Tinker was in the pub when I got there, happy waiting and almost kaylied from booze. I got a jar and took it across. He'd gone back to smoking his old pipe. Eight empty glasses were on the table. He must have been waiting half an hour at least.

'Wotcher, Tinker. All right?'

'Fine, son. Did that fat old bint nick some good stuff?'

Cruel description of Alicia Domander – plump she might be, but age never comes into it.

'I think so. Had anything to eat?'

'Thought I'd let my thirst go down.'

'You'd best have a bite before we go on.'

I made him eat a couple of pasties, and had one myself for luck. I handed him the yield, wrapped in bubble plastic.

'Buy a couple of postage boxes from the post office and get them to Eleanor's house, in my lane in the village.'

Eleanor is nothing to do with antiques. She just has Henry, a little baby I mind while she's out. She knew to keep unexplained parcels in her garage until I returned. It would be the first of many. I badly needed as many as I could get, and the more famous the thefts we did the better.

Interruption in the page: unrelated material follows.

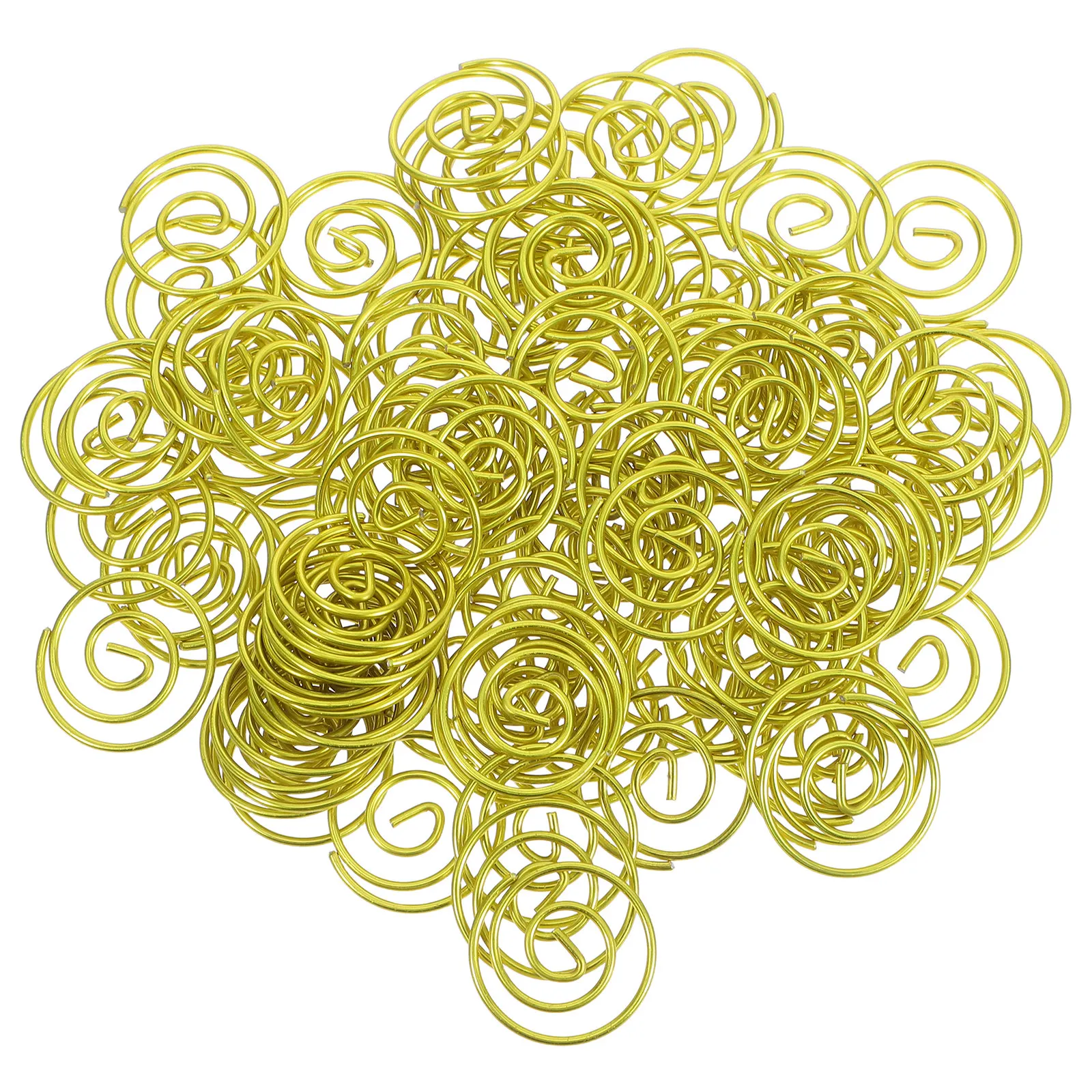 100Pcs 금속 원형 종이 클립 작은 원형 와이어 종이 클램프 문서 정리 도구 파일 정렬 북마크 클립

'Did you find out who Hugo is?'

He belched. The tavern shuddered. People all about stopped talking, wondering what spaceship had just effected re-entry.

'There's a bloke called Hugo mends old Lancaster engines down Romford. He's nearly ninety, not done a hand's turn for a decade. Nobody else.'

'Keep trying. Be in that tavern where Tandy's knock-out ring meets in Acle, you know the one. Eight o'clock tonight. I'll phone you, tell you what to do.' I gave him another two notes.

'How many more you going to do today, then?'

'Eight or nine, maybe double figures, give or take.' I hoped our thefts would make the Antiques Trade Gazette by the following week. Things were looking better, except for absent friends.